In 1992, Australian Prime Minister, Paul Keating, met the Queen of England. But things went terribly wrong for him when he violated royal etiquette and touched Queen Elizabeth. The British Press had a field day, roasting the Prime Minister for his gaffe, and conferring on him the title: “The Lizard of Oz.”
Several years afterward, Pat and I had the privilege of stopping over in London on the way to Nairobi, Kenya, to teach in a Bible School. One day we went to see Buckingham Palace, one of the residences of Queen Elizabeth. We peered through the wrought-iron fence surrounding it and watched the pageantry of the changing of the Palace Guard. But the queen must not have known we were in town, because she did not invite us for tea.

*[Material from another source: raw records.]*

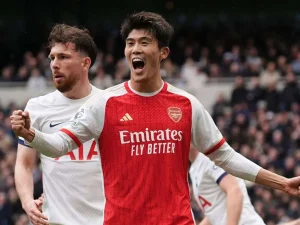 Takehiro-Tomiyasu-sigue-con-el-futuro-en-el-aire.jpg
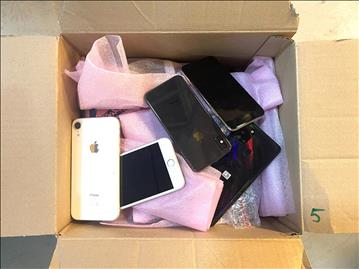  Parti med utrangerade mobiltelefoner - OBS! Reparationsobjekt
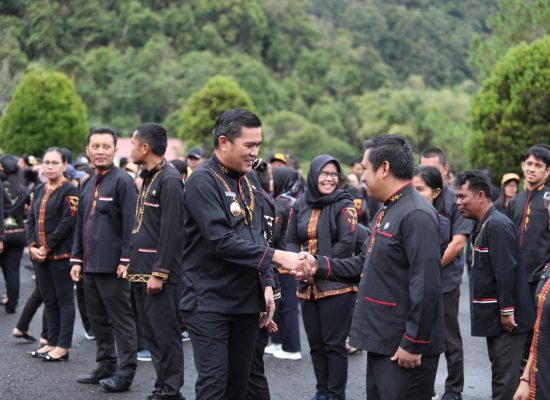 Pimpin Apel Perdana, Pjs Bupati Pakpak Bharat Naslindo Sirait Dorong Pengawalan Pilkada Damai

Looking back, it is a good thing the queen was busy with other things that day, because we had no idea of the protocol for meeting royalty. If we had met her, we probably would have made “The Lizard of Oz” look good.
The official protocol for approaching royalty includes things like: 1) Not initiating a handshake or touching the queen; 2) Bowing your head or doing a curtsy when introduced; 3) Only addressing her as “Her Imperial Majesty, the Queen,” not Liz or Lizzy; 4) Not laughing or making jokes in her presence; 5) Always making eye contact with her when she speaks; And, 6) Never slouching or crossing your arms in her presence.
I doubt that any of us will ever have an audience with royalty—But that is fine, because, through Jesus, we can have an audience with the King of all kings. God is the King over every earthly leader or royal throne.
One of the greatest earthly kings, Nebuchadnezzar, King of Babylon (605-562 BC), said, “I blessed the Most High and praised and honored Him who lives forever; For His dominion is an everlasting dominion, and His kingdom endures from generation to generation. All the inhabitants of the earth are accounted as nothing, but He does according to His will in the host of heaven and among the inhabitants of earth; and no one can ward off His hand or say to Him, ‘What have You done?’” (Daniel 4:34, 35). He concluded: “Now I, Nebuchadnezzar, praise, exalt and honor the King of heaven, for all His works are true and His ways just, and He is able to humble those who walk in pride” (verse 37).
So, how would you approach such a great king? One answer is found in Hebrews 10:19, 20: “We have confidence to enter the holy place by the blood of Jesus, by a new and living way which He inaugurated for us through the veil, that is, His flesh.” The primary protocol—the etiquette for an audience with the King—is the blood of Jesus!
What do we need to enter the presence of the King?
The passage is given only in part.